Over at Common Gunsense, Joan Peterson has been breeding a special batch of extremist ramblings lately. Like a train wreck, you can’t help but look. In this episode, she takes a position against teaching kids gun safety. She notes:
Little boys in particular seem to love shooting noises and pretend shooting at an imaginary animal or toy. It must be something in the DNA of male children ( or testosterone?). But real guns are not toys.
It’s evolution, and who can argue against evolution? It’s science! You’re not a science denier, are you Joan? I thought that was for the kinds of people who support the corporate gun lobby.
See, without weapons, humans make pretty tasty cat food, and our early ancestors and cousins were regularly preyed upon by big cats, birds and other predators until hominids evolved large enough brains to fashion weapons. Like most other species, our young instinctively engage in play that aids in honing critical survival skills, just like you notice in kittens. Even typical youth past times like baseball have an evolutionary angle revolving around weapon employment. If our species’ most sophisticated weapon was still the spear, young boys would still be picking up sticks and engaging in play that involved throwing them, probably at each other. It’s instinctive behavior, because humans whose children engaged in this behavior survived better than those whose didn’t, and that’s evidenced by the fact that our species, the weapon making species, is the only hominid species to survive.
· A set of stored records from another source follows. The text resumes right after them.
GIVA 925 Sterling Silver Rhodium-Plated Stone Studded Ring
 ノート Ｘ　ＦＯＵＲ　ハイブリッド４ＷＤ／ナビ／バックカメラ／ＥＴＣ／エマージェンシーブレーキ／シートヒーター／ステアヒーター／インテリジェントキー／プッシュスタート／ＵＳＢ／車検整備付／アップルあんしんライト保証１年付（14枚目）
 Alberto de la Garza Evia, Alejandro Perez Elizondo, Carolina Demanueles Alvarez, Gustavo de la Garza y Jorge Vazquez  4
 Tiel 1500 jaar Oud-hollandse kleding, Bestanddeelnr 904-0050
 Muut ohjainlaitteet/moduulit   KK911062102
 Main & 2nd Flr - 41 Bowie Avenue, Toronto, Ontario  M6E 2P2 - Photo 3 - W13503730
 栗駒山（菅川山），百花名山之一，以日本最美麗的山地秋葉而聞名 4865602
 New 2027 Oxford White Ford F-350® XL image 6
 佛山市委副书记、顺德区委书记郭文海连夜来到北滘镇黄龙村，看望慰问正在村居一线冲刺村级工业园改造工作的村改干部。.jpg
The first step in bringing those aggressive instincts under control is to first acknowledge that they exist, and then teaching the young the discipline and responsibility necessary to control them, and use them in a socially responsible manner. For many boys and girls, the discipline required by shooting is a healthful outlet for what they are naturally are drawn to. Denying them the opportunity to explore that part of themselves under proper supervision would be a grave disservice, especially to appease a paranoid and fearful prohibitionist movement, that would rather pretend such things just aren’t true.
So can we assume she is a vocal proponent of abstinence only sexual education programs for kids as well?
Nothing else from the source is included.